[PATCH 4/5] d3dcompiler: Store derefs as an offset to a variable.

Tue May 19 17:11:17 CDT 2020

On 5/19/20 5:07 PM, Matteo Bruni wrote:
> On Tue, May 19, 2020 at 11:14 PM Zebediah Figura
> <zfigura at codeweavers.com> wrote:
>>
>> On 5/19/20 3:44 PM, Matteo Bruni wrote:
>>> On Tue, May 19, 2020 at 10:11 PM Zebediah Figura
>>> <zfigura at codeweavers.com> wrote:
>>>>
>>>> On 5/19/20 2:34 PM, Matteo Bruni wrote:
>>>>> On Mon, May 4, 2020 at 10:04 PM Zebediah Figura <z.figura12 at gmail.com> wrote:
>>>>>>
>>>>>> Signed-off-by: Zebediah Figura <zfigura at codeweavers.com>
>>>>>> ---
>>>>>> One potential change to this patch is to always store an offset. Currently NULL
>>>>>> is used to signify an offset of 0, partly to save space, and partly because
>>>>>> otherwise new_var_deref() would need a bit of restructuring. But always using an
>>>>>> offset would simplify some code.
>>>>>
>>>>> Yeah, that might be a nice followup. Or, it feels like one, without
>>>>> having actually touched the code at all...
>>>>>
>>>>>>
>>>>>>   dlls/d3dcompiler_43/d3dcompiler_private.h |  25 +---
>>>>>>   dlls/d3dcompiler_43/hlsl.y                | 143 +++++++++++++---------
>>>>>>   dlls/d3dcompiler_43/utils.c               |  76 ++----------
>>>>>>   3 files changed, 97 insertions(+), 147 deletions(-)
>>>>>>
>>>>>> diff --git a/dlls/d3dcompiler_43/d3dcompiler_private.h b/dlls/d3dcompiler_43/d3dcompiler_private.h
>>>>>> index 387e932a6cc..983057d543c 100644
>>>>>> --- a/dlls/d3dcompiler_43/d3dcompiler_private.h
>>>>>> +++ b/dlls/d3dcompiler_43/d3dcompiler_private.h
>>>>>> @@ -841,30 +841,11 @@ struct hlsl_ir_swizzle
>>>>>>       DWORD swizzle;
>>>>>>   };
>>>>>>
>>>>>> -enum hlsl_ir_deref_type
>>>>>> -{
>>>>>> -    HLSL_IR_DEREF_VAR,
>>>>>> -    HLSL_IR_DEREF_ARRAY,
>>>>>> -    HLSL_IR_DEREF_RECORD,
>>>>>> -};
>>>>>> -
>>>>>>   struct hlsl_deref
>>>>>>   {
>>>>>> -    enum hlsl_ir_deref_type type;
>>>>>> -    union
>>>>>> -    {
>>>>>> -        struct hlsl_ir_var *var;
>>>>>> -        struct
>>>>>> -        {
>>>>>> -            struct hlsl_ir_node *array;
>>>>>> -            struct hlsl_ir_node *index;
>>>>>> -        } array;
>>>>>> -        struct
>>>>>> -        {
>>>>>> -            struct hlsl_ir_node *record;
>>>>>> -            struct hlsl_struct_field *field;
>>>>>> -        } record;
>>>>>> -    } v;
>>>>>> +    struct hlsl_ir_var *var;
>>>>>> +    struct hlsl_ir_node *offset;
>>>>>> +    DWORD writemask;
>>>>>
>>>>> I don't like moving the writemask into struct hlsl_deref. It's
>>>>> something that makes sense only for an lvalue / assignment / STORE.

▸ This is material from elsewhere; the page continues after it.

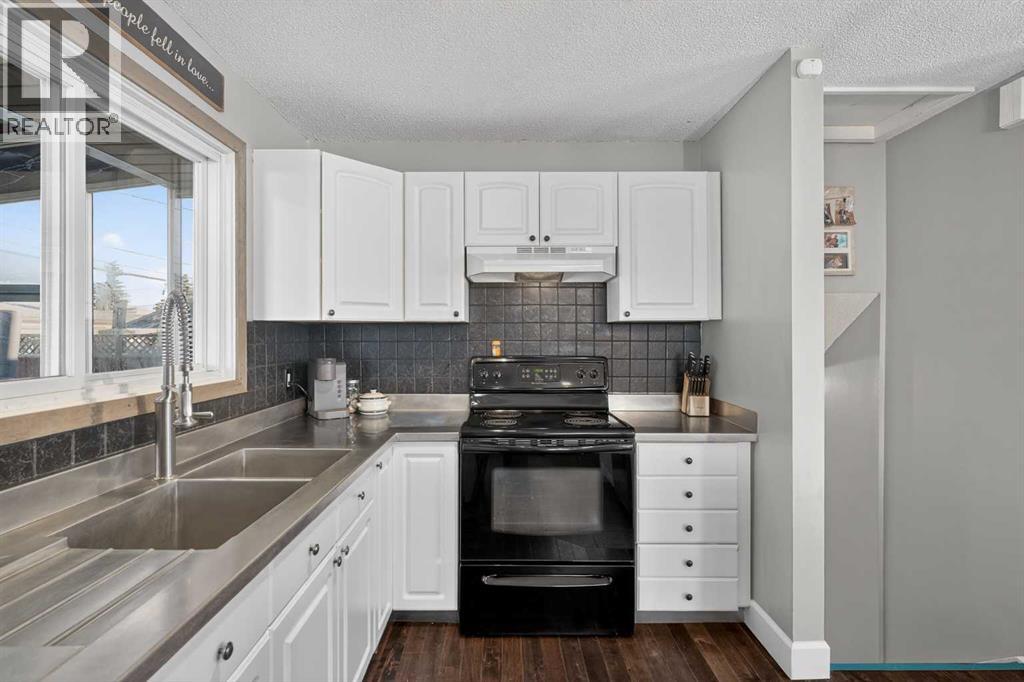 1028 Penrith Crescent Se, Calgary, Alberta  T2A 2H7 - Photo 15 - A2286757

>>>>> There are a few options here. Maybe turn struct hlsl_deref into struct
>>>>> hlsl_lvalue and use it only in struct hlsl_ir_assignment (i.e. folding
>>>>> the other use into struct hlsl_ir_deref while getting rid of the
>>>>> writemask)? Do we lose a lot by "splitting" struct hlsl_deref?
>>>>
>>>> "writemask" may be a bit of a misnomer, since there's not necessarily
>>>> writing (maybe "mask" is better?), but it's relevant for loads too. It's
>>>> essentially a companion to 'offset', to describe which part of the vec4
>>>> should be read from or written to. For loads we convert the mask into a
>>>> swizzle.
>>>
>>> It shouldn't be necessary though, if the offset is in the unit of
>>> (scalar) components rather than 4-component registers. Per-component
>>> offset, together with the data type should be enough.
>>> Now, of course I haven't really thought it through so there might be dragons...
>>
>> Yes, you're right. I've been dealing with the offset in registers, but
>> there's not really a good reason to do that...
>>
>>>
>>>>>> +
>>>>>> +    if (!(c = d3dcompiler_alloc(sizeof(*c))))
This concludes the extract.